Having covered this team since about the time Verdell Jones actually committed to and signed with Indiana, I could fill probably 10,000 words talking about his evolution as a player. I would like to think I'm qualified to write at least 45 of such words.
But last night, during the waning minutes of what stands as a disappointing but probably not wholly unpredictable loss, I believe I saw something happen that's only once occurred before in the seven years I've been following or covering Indiana basketball.
I believe I saw and heard an IU player booed by his own fans.

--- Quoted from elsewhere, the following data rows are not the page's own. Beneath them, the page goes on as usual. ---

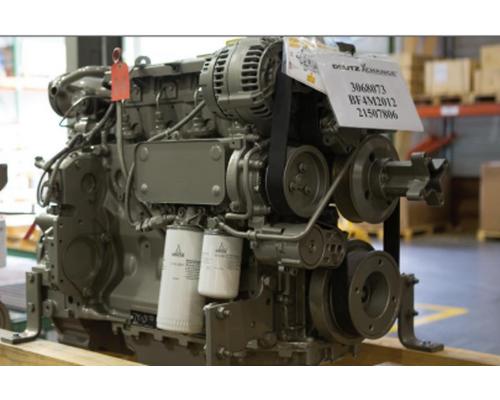  Deutz BF4M2012C Engine Assembly #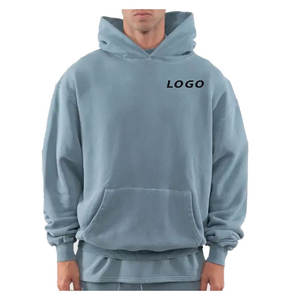 Fabricante de Sudaderas Vintage Gruesas de Invierno de 400, 450, 480 y 500 GSM para Hombre, Lisas, con Bolsillo, Personalizadas con DTG, 14 oz, 100% Algodón - Product Image 5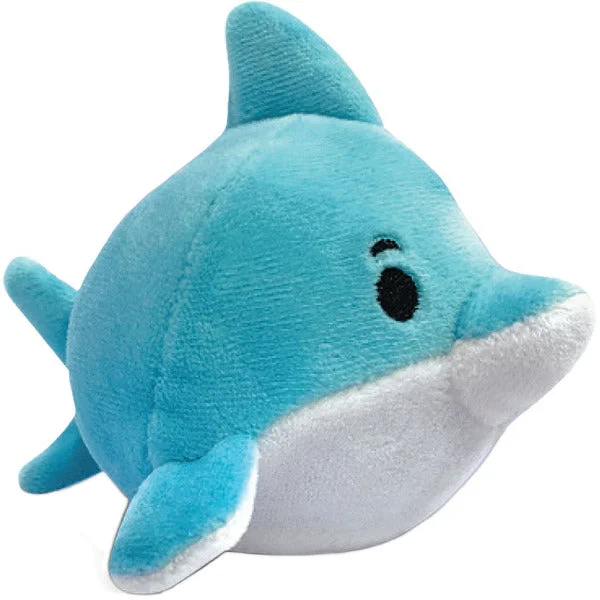 PBJ's Plush Ball Jellies Delphine the Dolphin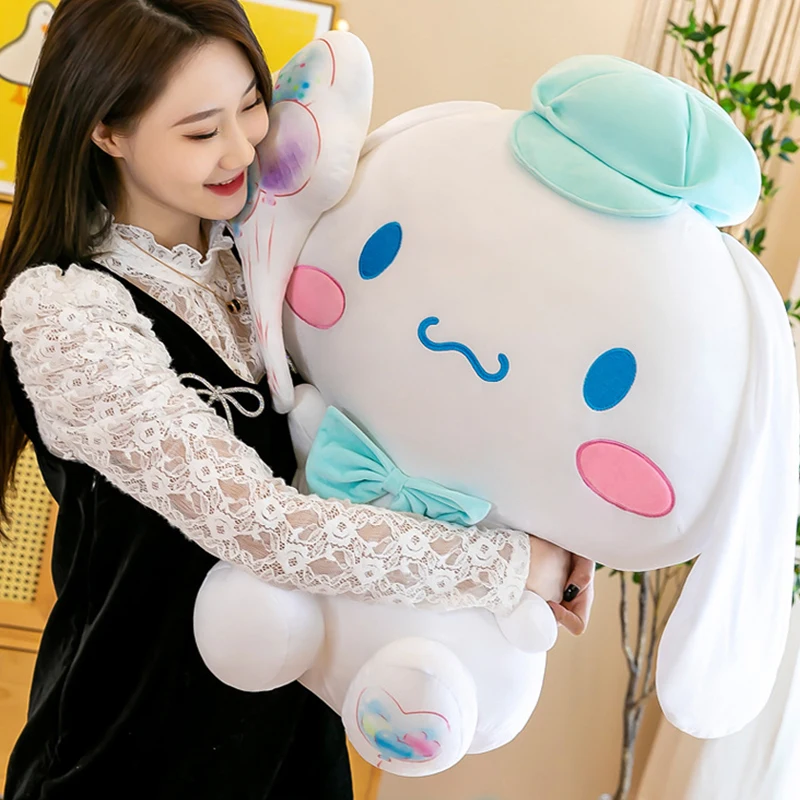Плюшевые игрушки Sanrio Kawaii: Синий воздушный шар, Синаморолл, плюшевый друг, подарок, детские подарки на день рождения, украшение для дома
Плюшевые игрушки Sanrio Kawaii: Синий воздушный шар, Синаморолл, плюшевый друг, подарок, детские подарки на день рождения, украшение для дома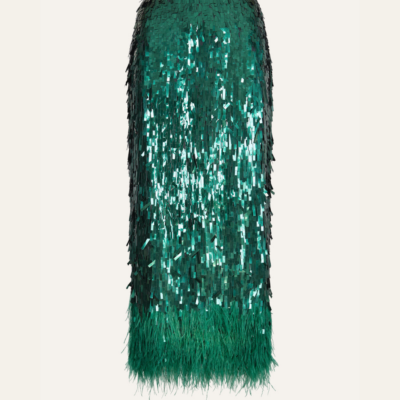Johanna Ortiz Visually Engaging Skirt - Image 1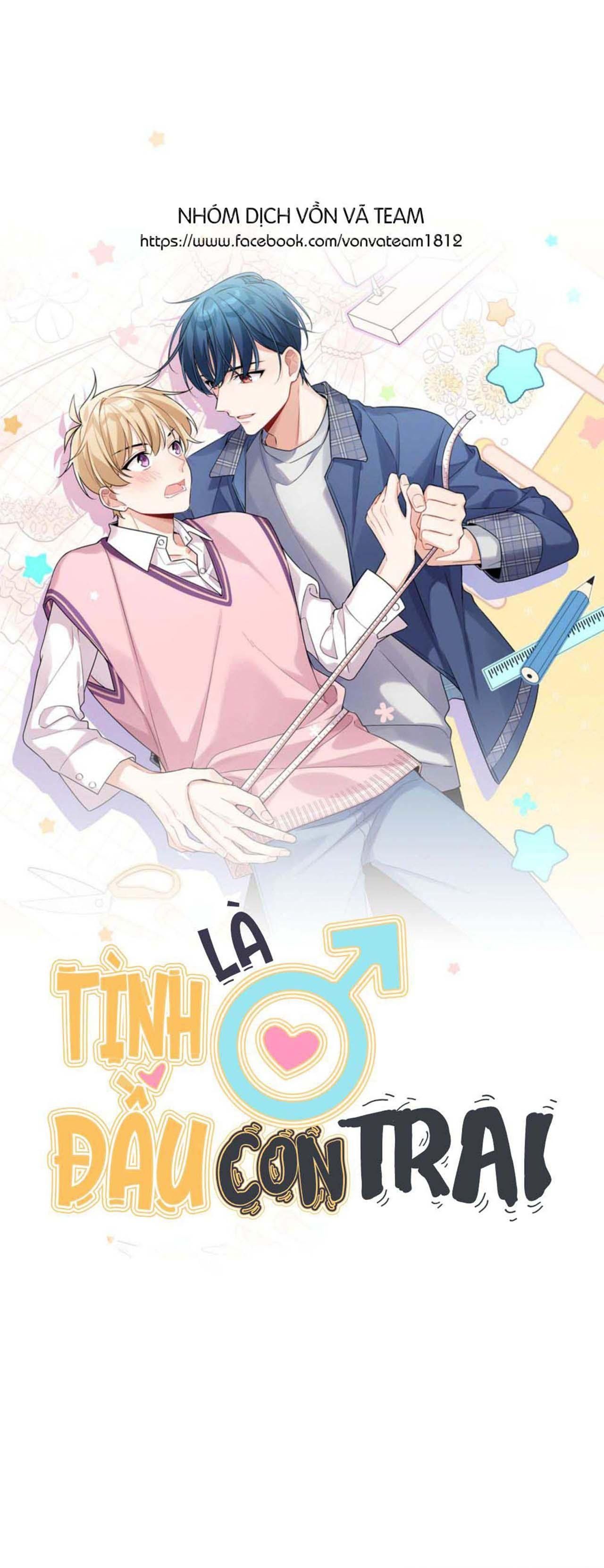 Tình Đầu Là Con Trai Chapter 46 - Trang 2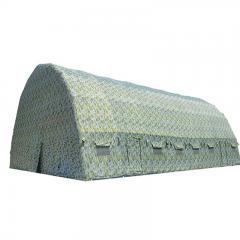 XL Camouflage Zelt med Emergencygency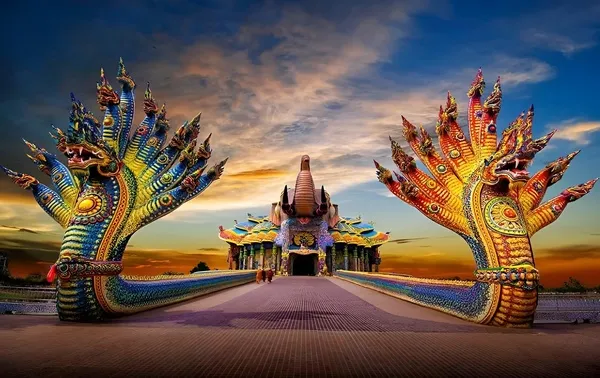วัดหลวงพ่อโต (วิหารเทพวิทยาคม)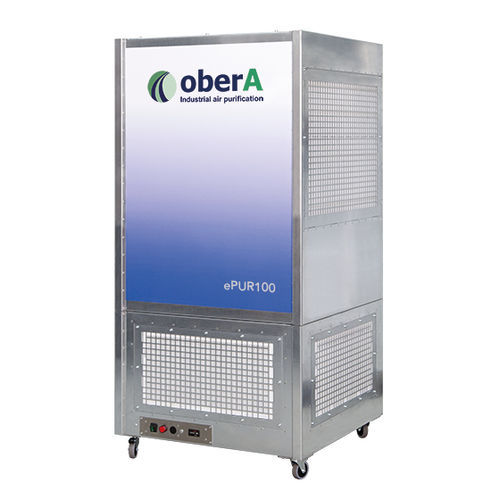 Purificador de aire móvil - ePUR 100 - oberA - con filtro / para edificio comercial / industrial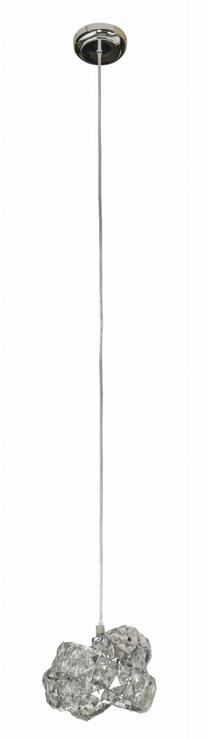 Valgusti rippuv AZzardo Bari 1, G9, 1 x 40 W, kroom v. / kroom v.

Maybe I'm wrong, but it seemed like that's what was happening, as Jones checked back into the game. If that wasn't the case, if there was some other, more legitimate target at which these boos were aimed, then fine, I am wrong and I stand corrected.
But if in fact Indiana fans were booing a senior and four-year starter, in the midst of only the second scoreless game of his career, then I say without equivocation: Shame on you.
As a player, Jones came to Indiana with a laundry list of flaws and imperfections. An incredibly lean 6-foot-5, Jones has always seemed caught between point guard and shooter in this offense, between acting as Indiana's best ball-handler (he is, scoff though you might) and working to create his own shot off the dribble, something he's undeniably good at.
As he's grown in college, some of those imperfections have been eased out. Jones is undeniably much stronger now, and his diminished scoring totals suggest he's willingly accepted a more specifically defined role with the growth in talent around him.
There are still serious flaws in his game. For one — and I'm by no means the first person to mention this — he plays with his head down far too often, and particularly with the ball in his hands. For one of Indiana's primary point guard-type players (Tom Crean likes to say his team has roles, not positions), that's an unacceptable weakness.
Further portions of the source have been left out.